When the poet Nikky Finney learned this past summer that she would become the first Guy Davenport Endowed English Professor at the University of Kentucky, she was delighted to have one more connection with the professor she had known and admired.
Like Mr. Davenport, she is a native South Carolinian. She lives in what used to be his house, in Lexington. And she has written a poem in his honor, for his memorial in 2005, "The Poet's House."
Ms. Finney, who won the 2011 National Book Award for poetry for her book Head Off & Split, was chosen for the chair, a five-year, renewable position supported by a donation from Judith Janssen, a former student of Mr. Davenport's. Along with hosting an annual conversation series with undergraduate students to expose them to writing, Ms. Finney will receive money from the university to support her professional activities.
Guy M. Davenport, who was an author, poet, and painter, taught at the university from 1963 until he retired, in 1990.
Ms. Finney, 55, said that as a young new professor she would pass Mr. Davenport in the halls of the university. "He was a legend," she said. "He was somebody who was erudite and witty, and also feared in some ways as a professor because he knew so much about so much."
After he died, Bonnie Jean Cox, Mr. Davenport's partner, called Ms. Finney and asked, "Wouldn't it be great if one poet could buy another poet's house?"
When Ms.
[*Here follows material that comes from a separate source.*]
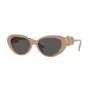 VERSACE VE4433U538387 Sieviešu kaķacs formas saulesbrilles Havana 54mm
Finney visited the circa-1910 house, which smelled of cigarettes and old books, she thought it was "like a tiny library in the middle of a community, where you have to walk sideways because there were no walls, just bookshelves."
"I could live here," she said to herself. By owning the house, she said, she could continue its legacy of being a "literary space."
She remembers the writer as "a man who pursued truth relentlessly in his work, in essays, in poetry, in teaching." She encourages her students to find and express the truth through their writing, too.
"If I can keep doing that for as long as I'm in the most sacred space called a classroom," she said, "then I will feel like I've given something great to my students."